You have all brought up excellent points. I just want to reinforce the fact that the POOPY SMELL in the middle of the night as they run on their wheel, is very, very strong, I would not want to share a dorm room with anyone with a hedgehog, sorry, the smell wakes me up at night. Its one thing when its your own pet and you signed up for it but if someone is forcing you to be around that sort of smell, that's unfair to the roommate. Yuck. You can control your own situation but not how the other person is going to react. I would not plan to take your hedgehog with you, come up with a backup plan such as leaving it at home or with a friend. 

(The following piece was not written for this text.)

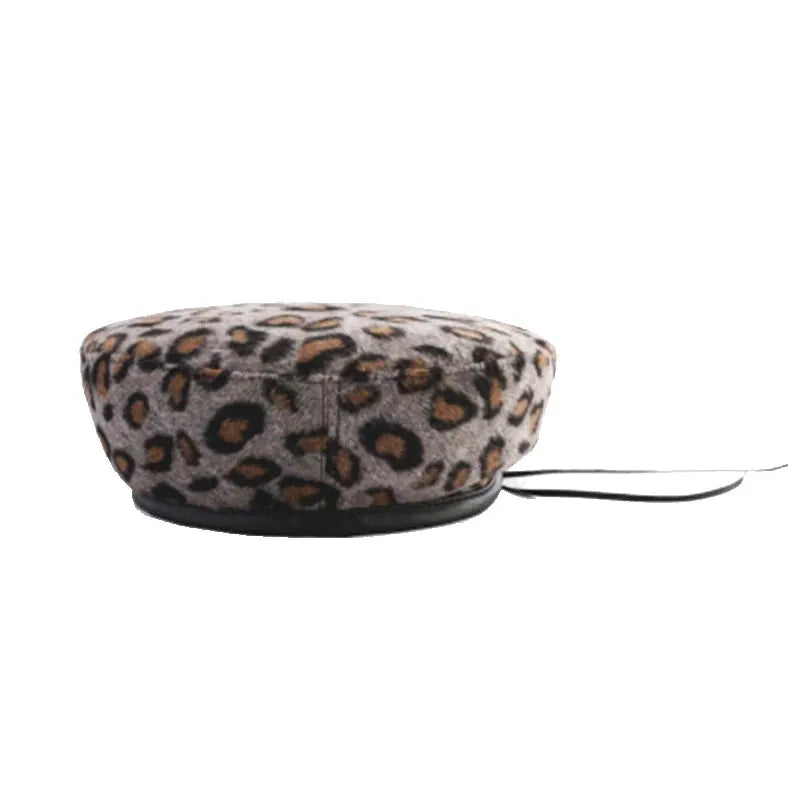 Women's Hat Cute Beret Vintage Hats For Women Leopard Felt Hat Beanie Woolen Winter Hat - Shop & Buy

I would think the stress of moving in and out of the dorm over breaks wouldn't be good for the hedgehog either but that would probably depend on how frequent it is. My biggest concerns would be the smell and the fact that you cannot control what other people do around your animal when you are gone. (in regards to noise, heating & cooling of the room, if they are feeding it, playing irresponsibly with it, etc)


----------



## Immortalia

Haha, I was going to add the part about SMELL :lol: 
I keep my boy in my room when I'm at mother's, and it's fine for the most part because my room is large enough that I'm a decent distance away. However, I would NOT want to have my boy in a room the size of what my dorm room was, as his cage would probably end up directly beside my bed. 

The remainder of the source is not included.